Każdy z czterech segmentów zajmuje mniej więcej taką samą długość, ale oprócz tego niewiele je łączy. Prezentują zupełnie inny styl i mają odmienne nastawienie do horroru. Trzeba też przyznać, że u niektórych z wchodzących w skład ekipy twórców z horrorem ewidentnie niewiele łączy. Na papierze nie musiała to być wcale negatywna cecha (reżyserów niepowiązanych z danym gatunkiem często stać na zaskakujące wybory), ale w tym wypadku tak się niestety stało.
„Opowieści o duchach” właściwie nie są straszne. Tak naprawdę nawet nie próbują.
Kashyap, Johar, Akhtar i Banerjee śladem wielu współczesnych twórców horrorów biorą na warsztat realne i bardzo aktualne ludzkie strachy, by potem przekształcić je na modłę kina grozy.

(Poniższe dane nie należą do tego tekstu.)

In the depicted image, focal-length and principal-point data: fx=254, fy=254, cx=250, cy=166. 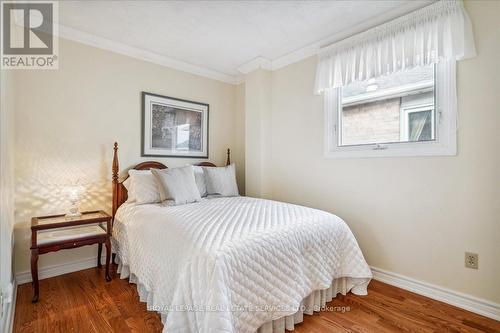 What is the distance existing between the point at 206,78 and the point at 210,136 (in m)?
0.83

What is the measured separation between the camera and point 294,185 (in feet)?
10.5

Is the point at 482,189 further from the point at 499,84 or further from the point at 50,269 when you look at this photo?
the point at 50,269

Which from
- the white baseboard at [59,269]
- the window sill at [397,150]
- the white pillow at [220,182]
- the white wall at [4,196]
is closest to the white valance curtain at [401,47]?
the window sill at [397,150]

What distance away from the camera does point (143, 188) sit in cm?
260

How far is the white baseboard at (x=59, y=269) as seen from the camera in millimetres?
2297

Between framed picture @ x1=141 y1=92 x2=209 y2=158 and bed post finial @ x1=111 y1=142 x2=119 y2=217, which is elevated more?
framed picture @ x1=141 y1=92 x2=209 y2=158

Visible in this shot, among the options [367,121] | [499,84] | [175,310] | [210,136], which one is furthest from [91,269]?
[499,84]

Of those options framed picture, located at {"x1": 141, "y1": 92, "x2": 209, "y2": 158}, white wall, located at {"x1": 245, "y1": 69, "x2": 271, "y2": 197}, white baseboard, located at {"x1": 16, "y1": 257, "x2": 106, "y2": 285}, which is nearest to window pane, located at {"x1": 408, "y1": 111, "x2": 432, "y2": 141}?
white wall, located at {"x1": 245, "y1": 69, "x2": 271, "y2": 197}

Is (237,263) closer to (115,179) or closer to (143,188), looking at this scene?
(143,188)

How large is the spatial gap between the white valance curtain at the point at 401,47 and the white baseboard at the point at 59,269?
3072 millimetres

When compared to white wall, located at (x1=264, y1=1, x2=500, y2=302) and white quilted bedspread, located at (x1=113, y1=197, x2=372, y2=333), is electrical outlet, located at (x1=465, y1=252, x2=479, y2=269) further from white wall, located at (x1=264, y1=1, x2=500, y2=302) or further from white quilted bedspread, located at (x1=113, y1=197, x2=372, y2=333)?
white quilted bedspread, located at (x1=113, y1=197, x2=372, y2=333)

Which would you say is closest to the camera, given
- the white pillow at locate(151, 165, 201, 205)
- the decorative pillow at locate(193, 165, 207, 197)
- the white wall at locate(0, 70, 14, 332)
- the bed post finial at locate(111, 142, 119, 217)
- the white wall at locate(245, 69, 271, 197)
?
the white wall at locate(0, 70, 14, 332)

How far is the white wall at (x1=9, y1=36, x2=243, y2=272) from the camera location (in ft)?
7.63

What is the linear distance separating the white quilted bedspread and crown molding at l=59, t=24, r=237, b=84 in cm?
183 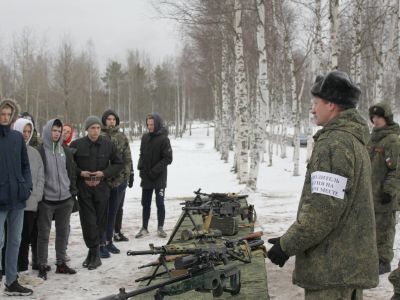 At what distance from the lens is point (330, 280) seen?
2.53 metres

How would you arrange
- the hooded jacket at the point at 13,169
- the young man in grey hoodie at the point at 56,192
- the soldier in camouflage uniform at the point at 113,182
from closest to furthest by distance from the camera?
the hooded jacket at the point at 13,169 < the young man in grey hoodie at the point at 56,192 < the soldier in camouflage uniform at the point at 113,182

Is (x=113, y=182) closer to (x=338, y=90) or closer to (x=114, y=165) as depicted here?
(x=114, y=165)

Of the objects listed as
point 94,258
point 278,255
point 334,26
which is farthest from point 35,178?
point 334,26

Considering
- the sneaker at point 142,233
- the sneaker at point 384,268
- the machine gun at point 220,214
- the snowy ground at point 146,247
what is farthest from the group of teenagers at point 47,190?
the sneaker at point 384,268

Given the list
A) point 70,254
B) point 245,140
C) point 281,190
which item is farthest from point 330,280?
point 245,140

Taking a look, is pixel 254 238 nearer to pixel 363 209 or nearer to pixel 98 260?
pixel 363 209

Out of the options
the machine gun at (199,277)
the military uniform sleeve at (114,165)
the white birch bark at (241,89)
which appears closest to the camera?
the machine gun at (199,277)

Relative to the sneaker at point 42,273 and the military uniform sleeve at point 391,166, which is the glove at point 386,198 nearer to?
the military uniform sleeve at point 391,166

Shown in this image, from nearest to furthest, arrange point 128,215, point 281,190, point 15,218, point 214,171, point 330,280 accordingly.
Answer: point 330,280 → point 15,218 → point 128,215 → point 281,190 → point 214,171

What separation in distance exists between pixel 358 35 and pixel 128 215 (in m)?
10.2

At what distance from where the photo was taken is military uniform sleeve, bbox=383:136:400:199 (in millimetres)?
5422

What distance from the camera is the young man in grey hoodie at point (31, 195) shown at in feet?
18.5

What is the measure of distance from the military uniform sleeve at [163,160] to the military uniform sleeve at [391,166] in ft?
11.6

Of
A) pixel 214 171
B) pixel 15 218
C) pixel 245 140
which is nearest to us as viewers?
pixel 15 218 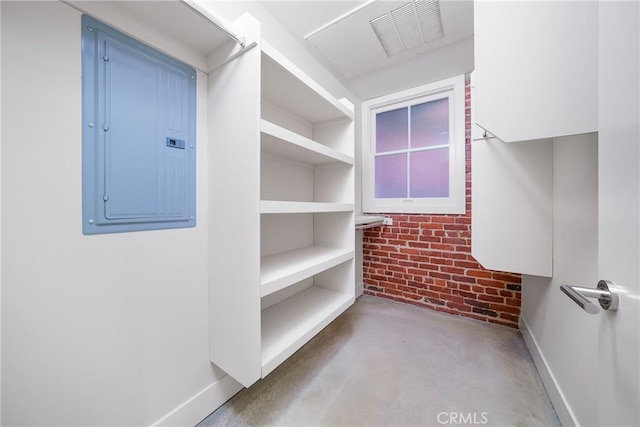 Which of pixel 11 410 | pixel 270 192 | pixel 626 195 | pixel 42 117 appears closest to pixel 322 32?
pixel 270 192

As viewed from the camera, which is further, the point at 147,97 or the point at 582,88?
the point at 147,97

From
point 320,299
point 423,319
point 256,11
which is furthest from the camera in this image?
point 423,319

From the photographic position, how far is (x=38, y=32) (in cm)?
78

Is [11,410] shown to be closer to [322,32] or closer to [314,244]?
[314,244]

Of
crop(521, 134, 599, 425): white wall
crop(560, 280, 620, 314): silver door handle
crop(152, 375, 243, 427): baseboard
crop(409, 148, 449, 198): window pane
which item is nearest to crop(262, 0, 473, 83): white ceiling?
crop(409, 148, 449, 198): window pane

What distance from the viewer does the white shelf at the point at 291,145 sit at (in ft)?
3.64

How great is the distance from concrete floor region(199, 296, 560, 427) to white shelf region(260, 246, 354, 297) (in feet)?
2.43

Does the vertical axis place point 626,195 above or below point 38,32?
below

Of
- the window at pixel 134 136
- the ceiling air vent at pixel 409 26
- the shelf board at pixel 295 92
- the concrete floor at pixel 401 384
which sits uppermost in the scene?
the ceiling air vent at pixel 409 26

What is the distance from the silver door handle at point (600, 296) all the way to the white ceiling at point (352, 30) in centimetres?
212

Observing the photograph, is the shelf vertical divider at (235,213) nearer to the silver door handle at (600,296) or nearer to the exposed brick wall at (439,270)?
the silver door handle at (600,296)

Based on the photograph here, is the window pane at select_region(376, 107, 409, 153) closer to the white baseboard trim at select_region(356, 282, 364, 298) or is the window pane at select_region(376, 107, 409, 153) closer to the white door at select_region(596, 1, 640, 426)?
the white baseboard trim at select_region(356, 282, 364, 298)

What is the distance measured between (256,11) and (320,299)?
86.6 inches

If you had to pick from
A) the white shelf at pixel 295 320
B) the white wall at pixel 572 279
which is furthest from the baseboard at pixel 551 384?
the white shelf at pixel 295 320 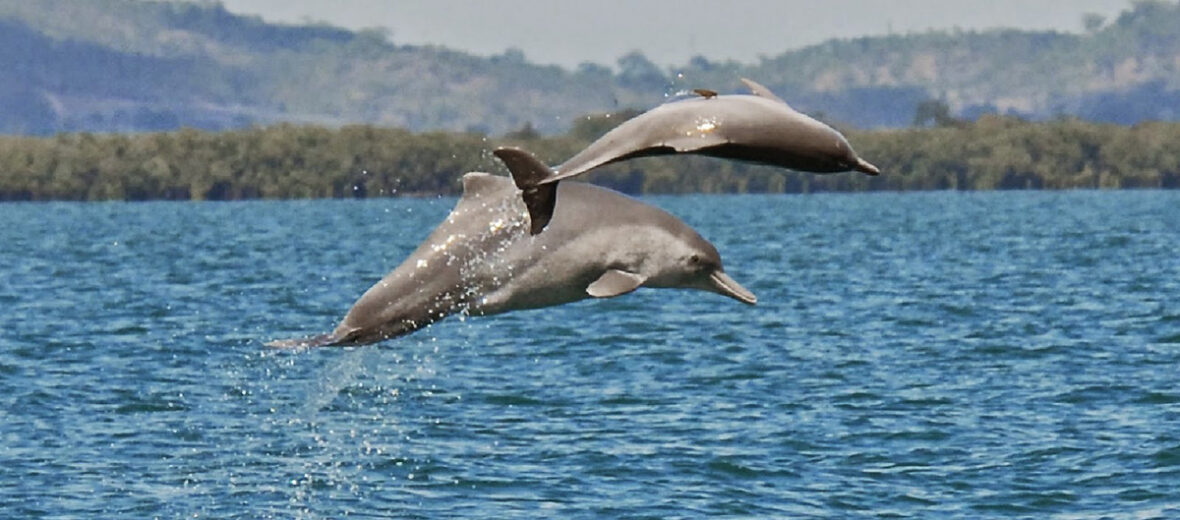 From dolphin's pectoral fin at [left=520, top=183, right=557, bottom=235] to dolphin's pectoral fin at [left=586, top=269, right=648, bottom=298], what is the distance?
60 cm

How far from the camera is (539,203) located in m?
10.9

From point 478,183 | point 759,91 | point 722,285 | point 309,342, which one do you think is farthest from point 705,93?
point 309,342

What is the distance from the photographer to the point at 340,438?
35438 mm

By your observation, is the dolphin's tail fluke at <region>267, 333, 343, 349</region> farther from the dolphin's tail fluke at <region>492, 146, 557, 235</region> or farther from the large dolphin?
the large dolphin

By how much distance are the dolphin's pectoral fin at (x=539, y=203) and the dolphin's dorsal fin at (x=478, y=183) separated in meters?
1.03

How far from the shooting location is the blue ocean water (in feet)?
89.4

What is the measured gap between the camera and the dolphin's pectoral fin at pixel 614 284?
11391 millimetres

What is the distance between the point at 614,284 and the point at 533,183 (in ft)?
3.22

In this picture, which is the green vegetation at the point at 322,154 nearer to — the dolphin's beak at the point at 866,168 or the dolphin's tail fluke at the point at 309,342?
the dolphin's tail fluke at the point at 309,342

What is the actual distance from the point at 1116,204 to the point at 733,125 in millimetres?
189106

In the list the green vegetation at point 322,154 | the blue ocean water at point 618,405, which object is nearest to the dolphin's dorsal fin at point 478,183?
the blue ocean water at point 618,405

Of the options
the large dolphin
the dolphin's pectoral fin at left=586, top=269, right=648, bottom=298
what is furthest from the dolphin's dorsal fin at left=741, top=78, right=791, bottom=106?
the dolphin's pectoral fin at left=586, top=269, right=648, bottom=298

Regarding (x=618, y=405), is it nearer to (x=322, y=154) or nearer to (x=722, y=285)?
(x=722, y=285)

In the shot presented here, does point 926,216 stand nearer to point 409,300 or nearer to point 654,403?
point 654,403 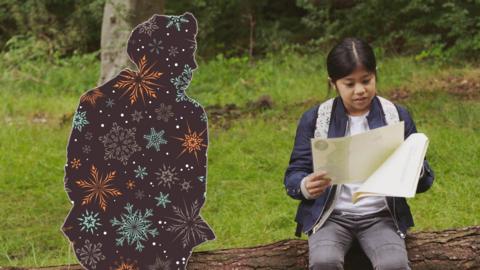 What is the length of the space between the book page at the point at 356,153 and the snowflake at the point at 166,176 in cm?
61

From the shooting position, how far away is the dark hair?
3.29m

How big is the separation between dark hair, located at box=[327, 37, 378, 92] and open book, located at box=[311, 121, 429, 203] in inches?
10.7

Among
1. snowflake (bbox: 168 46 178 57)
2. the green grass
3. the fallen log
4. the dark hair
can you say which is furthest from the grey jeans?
the green grass

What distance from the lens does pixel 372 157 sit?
3.20 meters

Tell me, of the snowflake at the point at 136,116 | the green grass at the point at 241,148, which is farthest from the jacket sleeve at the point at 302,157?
the green grass at the point at 241,148

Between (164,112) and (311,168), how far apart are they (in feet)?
2.12

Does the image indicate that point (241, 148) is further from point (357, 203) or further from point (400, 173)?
point (400, 173)

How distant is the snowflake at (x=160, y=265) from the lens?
3.43 m

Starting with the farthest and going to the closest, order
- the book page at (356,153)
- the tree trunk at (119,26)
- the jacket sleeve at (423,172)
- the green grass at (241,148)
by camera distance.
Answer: the tree trunk at (119,26), the green grass at (241,148), the jacket sleeve at (423,172), the book page at (356,153)

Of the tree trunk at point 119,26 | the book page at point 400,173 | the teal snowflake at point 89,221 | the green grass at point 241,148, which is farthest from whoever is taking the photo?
the tree trunk at point 119,26

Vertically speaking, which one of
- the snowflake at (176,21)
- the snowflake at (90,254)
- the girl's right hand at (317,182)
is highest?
the snowflake at (176,21)

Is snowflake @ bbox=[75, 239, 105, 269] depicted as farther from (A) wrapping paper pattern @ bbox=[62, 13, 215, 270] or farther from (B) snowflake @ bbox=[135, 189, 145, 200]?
(B) snowflake @ bbox=[135, 189, 145, 200]

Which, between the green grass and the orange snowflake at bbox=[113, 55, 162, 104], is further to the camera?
the green grass

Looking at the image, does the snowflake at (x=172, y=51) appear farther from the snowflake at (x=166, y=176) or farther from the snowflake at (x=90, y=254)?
the snowflake at (x=90, y=254) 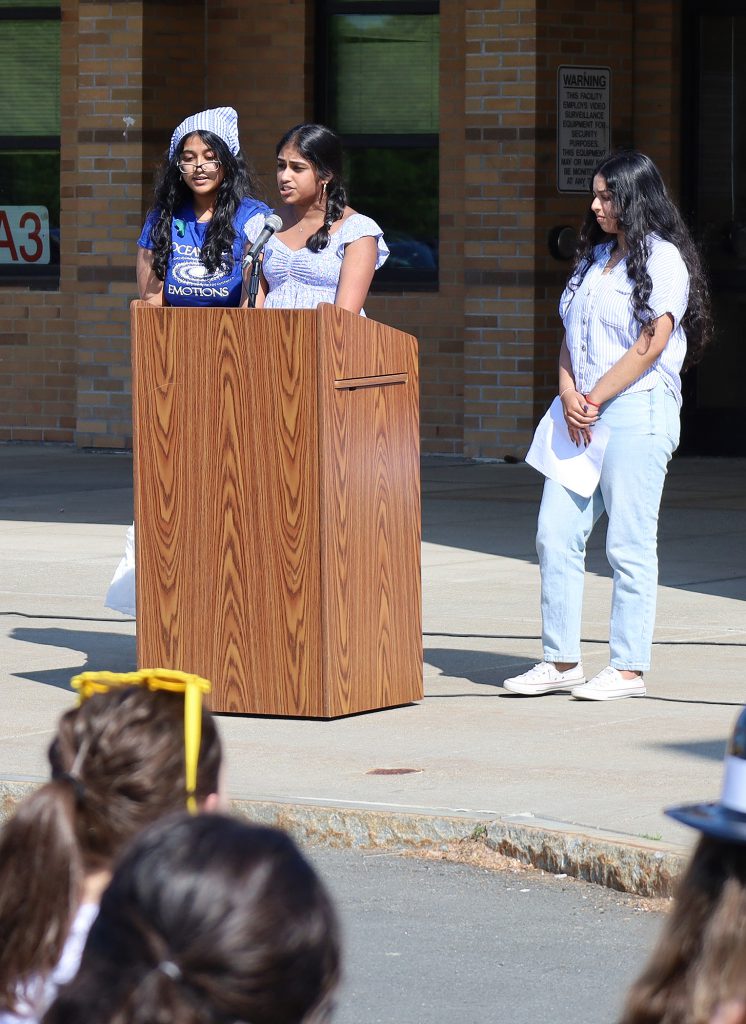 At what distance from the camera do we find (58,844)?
2.33 meters

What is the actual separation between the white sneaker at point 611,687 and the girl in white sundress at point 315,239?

W antologii pojawiają się więc takie elementy ludzkiego psyche, jak obawa przed starzeniem się w samotności i bezsensowną śmiercią, strach młodej matki przed poronieniem, zazdrość między krewnymi, zbytnie przywiązanie do przeszłości, wyludnienie i katastrofa ekologiczna.
Niestety, właściwie żadne z nich nie jest w stanie przełożyć tych silnych lęków na interesujący język kina. Reżyserka 1. segmentu Zoya Akhtar sprawia wrażenie, jakby przez cały okres realizacji zdjęć nikt nie powiedział jej, że kręci horror. Przez co większość widzów szybko zapomni, że jej opowieść w ogóle wchodziła w skład antologii. Dalej jest już lepiej, ale wciąż pojawiają się problemy z tworzeniem atmosfery nieuchronnego zagrożenia.
Stworzenie odpowiedniego suspensu w średniometrażowych filmach nie jest łatwe i wymaga pójścia na pewne skróty.
To akurat jest zrozumiałe i trudno mieć o to pretensje do hinduskich reżyserów. Najważniejsze powinno być jednak dla nich pokazanie widzom, dlaczego powinno im zależeć na losie bohaterów. Ich strach musi stać się naszym, bo inaczej całe doświadczenie nie ma szans wywołać odpowiednich emocji. Nawet najbardziej wyszukane jump scares działają na widza dłużej niż przez krótki moment szoku, a prawdziwa groza zostaje z nami na długo.
Stworzenie prostej, ale skutecznej atmosfery błyskawicznego zagrożenia zdecydowanie udało się w filmie „Upiorne opowieści po zmroku”, choć on również był daleki od ideału. W nowym dziele platformy Netflix zabrakło nawet tego, a winę ponosi za to zarówno brak łączącej wszystkie cztery historie wizji, jak i poruszanie się w obrębie najbardziej oczywistych standardów gatunku. Dobrym przykładem są tu upiorne lalki z 2. filmu nijak nie pasujące do estetyki tego segmentu, a mimo to wrzucone na siłę, bo kojarzą się z kinem grozy. Z kolei 3. część mogłaby wywrzeć mocniejsze wrażenie na widzach, gdyby nie niska jakość kostiumów i aktorstwa zahaczającego wręcz o elementy autoparodii.
Nie oznacza to, że w całej trwającej ponad dwie godziny produkcji zabrakło jakichkolwiek momentów wzbudzających ciarki na plecach. Nie chcę ich zdradzać potencjalnym widzom, żeby nie psuć zabawy. Ale mam niestety wrażenie, że nadają się one głównie do kompilacji najbardziej niepokojących momentów z Netflix Originals do opublikowania na platformie YouTube. Bo sensownego filmu nie udało się z nich zbudować.
„Opowieści o duchach” znajdziecie na platformie Netflix.